> [Exercise objective]
For the entries that follow, retype exactly the lines from the one containing "Шиповки MERCURIALX VORTEX III TF Nike" to the one containing "Lancaster Sun Beauty", inclusive, and only those. Images stay out of the copy.

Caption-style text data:

########################################

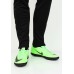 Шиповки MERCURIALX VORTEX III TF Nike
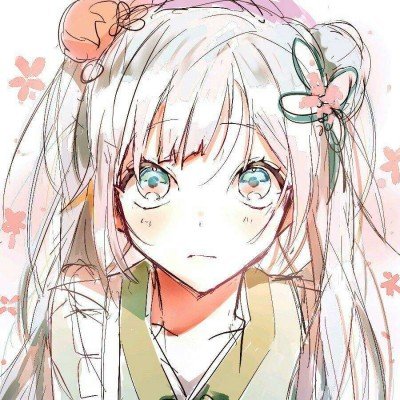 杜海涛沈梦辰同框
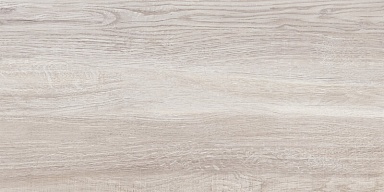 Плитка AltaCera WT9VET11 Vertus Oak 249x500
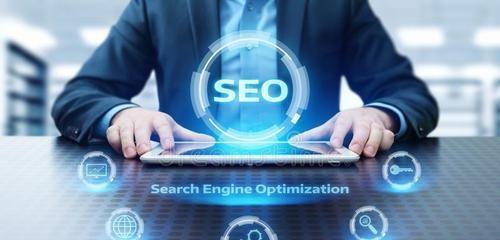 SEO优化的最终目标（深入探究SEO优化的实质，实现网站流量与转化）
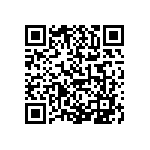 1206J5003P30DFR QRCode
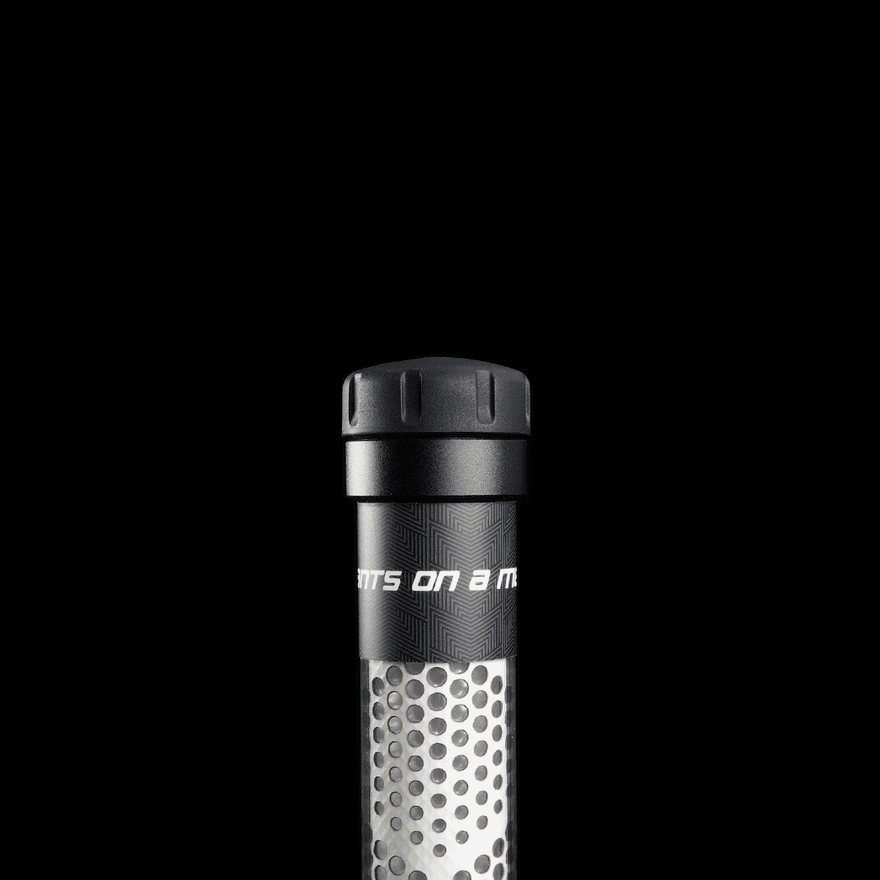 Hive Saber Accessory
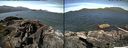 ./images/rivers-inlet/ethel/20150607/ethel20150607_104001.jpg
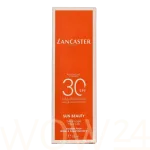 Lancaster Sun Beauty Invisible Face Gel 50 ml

########################################

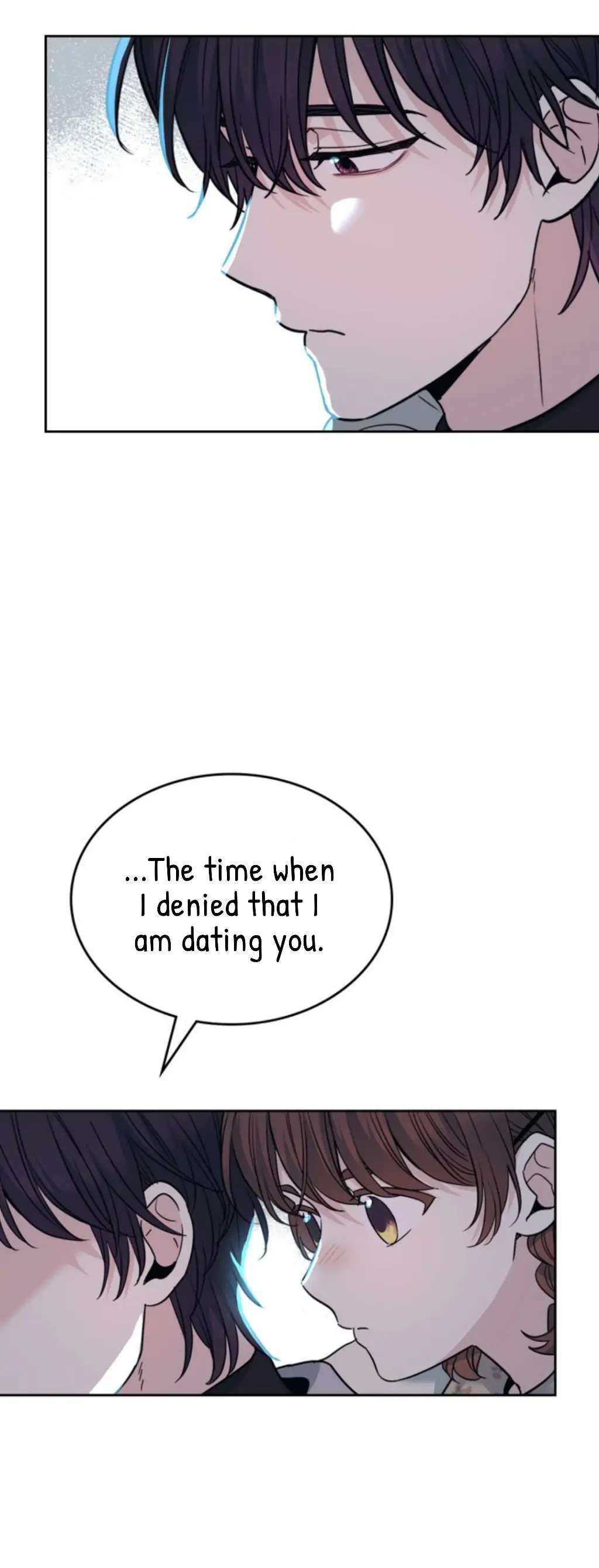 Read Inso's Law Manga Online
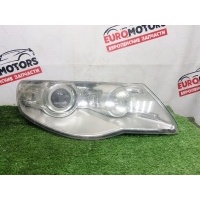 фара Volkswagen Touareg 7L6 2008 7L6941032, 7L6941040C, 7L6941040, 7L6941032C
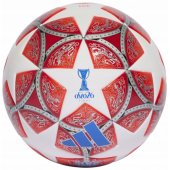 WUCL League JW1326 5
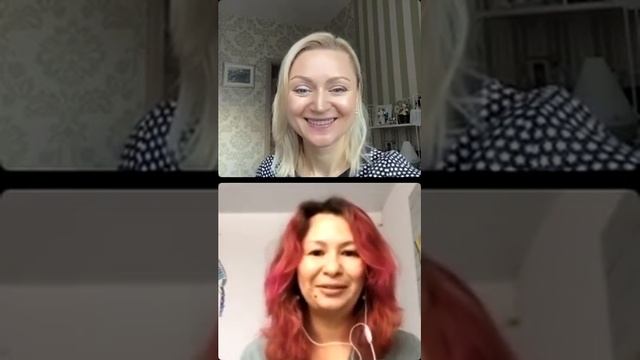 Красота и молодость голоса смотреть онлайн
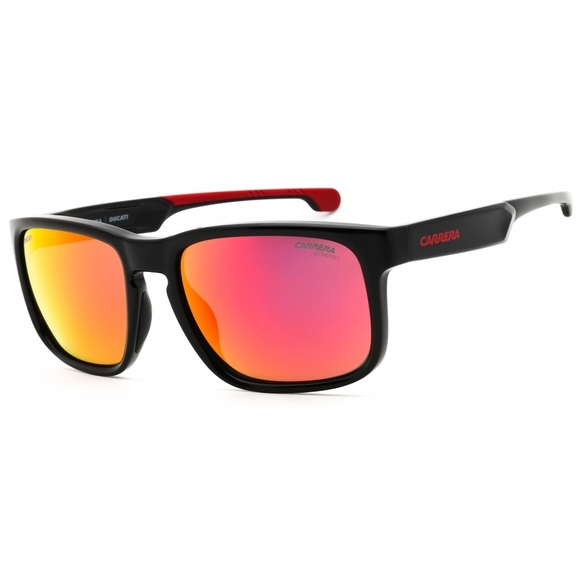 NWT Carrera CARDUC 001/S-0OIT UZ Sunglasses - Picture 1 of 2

########################################

> [Answer below]
 Шиповки MERCURIALX VORTEX III TF Nike
 杜海涛沈梦辰同框
 Плитка AltaCera WT9VET11 Vertus Oak 249x500
 SEO优化的最终目标（深入探究SEO优化的实质，实现网站流量与转化）
 1206J5003P30DFR QRCode
 Hive Saber Accessory
 ./images/rivers-inlet/ethel/20150607/ethel20150607_104001.jpg
 Lancaster Sun Beauty Invisible Face Gel 50 ml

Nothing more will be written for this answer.